Give the entries again exactly. Skip the pictures.
:: TASK INPUTS
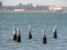 paracas ballestas fotki - leniwe popołudnie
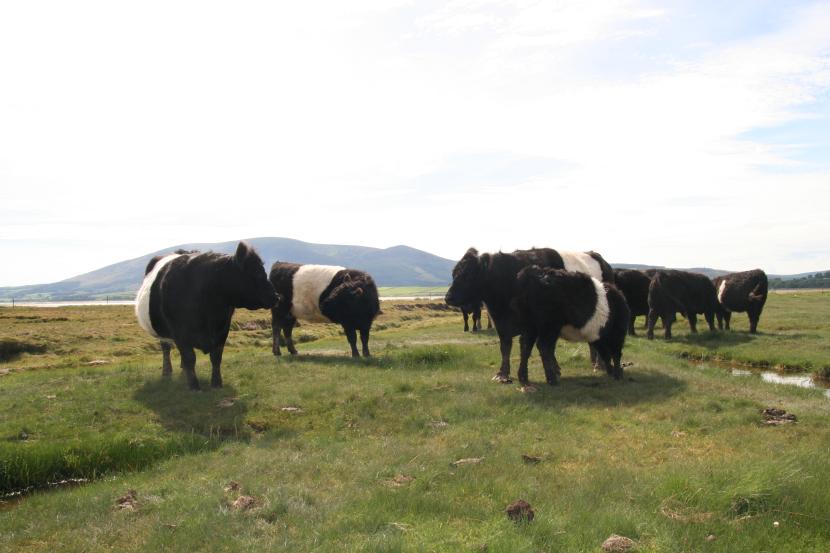 Belted Galloway cattle standing in a field.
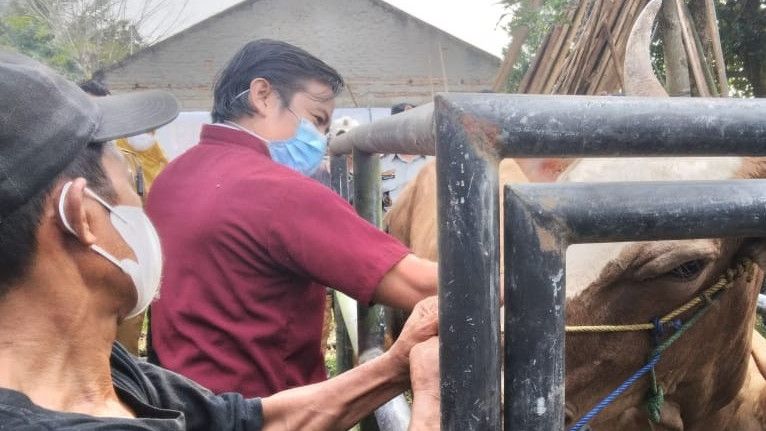 Banten Terima 1.100 Vaksin PMK dari Kementan, Diberikan ke Peternak dan Penjual Hewan Kurban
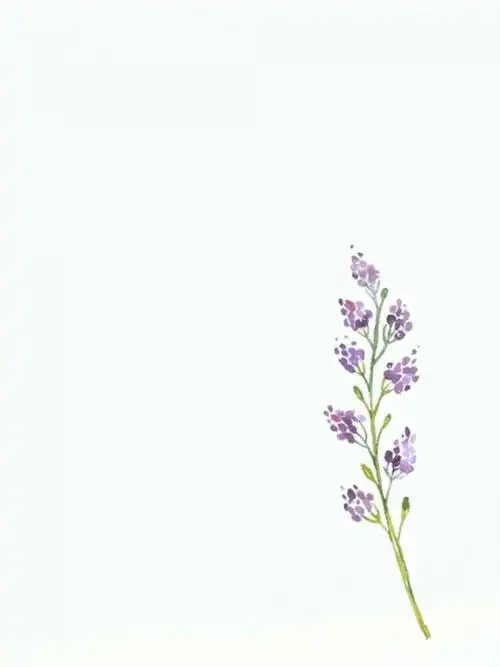 言辞简约森系壁纸小清新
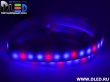   Ленточный светодиодный неон SMD3528 120Led 8 x 16 мм. Красный+ 2 Синий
::::
§ **ANSWER TO THIS PROBLEM**
 paracas ballestas fotki - leniwe popołudnie
 Belted Galloway cattle standing in a field.
 Banten Terima 1.100 Vaksin PMK dari Kementan, Diberikan ke Peternak dan Penjual Hewan Kurban
 言辞简约森系壁纸小清新
   Ленточный светодиодный неон SMD3528 120Led 8 x 16 мм. Красный+ 2 Синий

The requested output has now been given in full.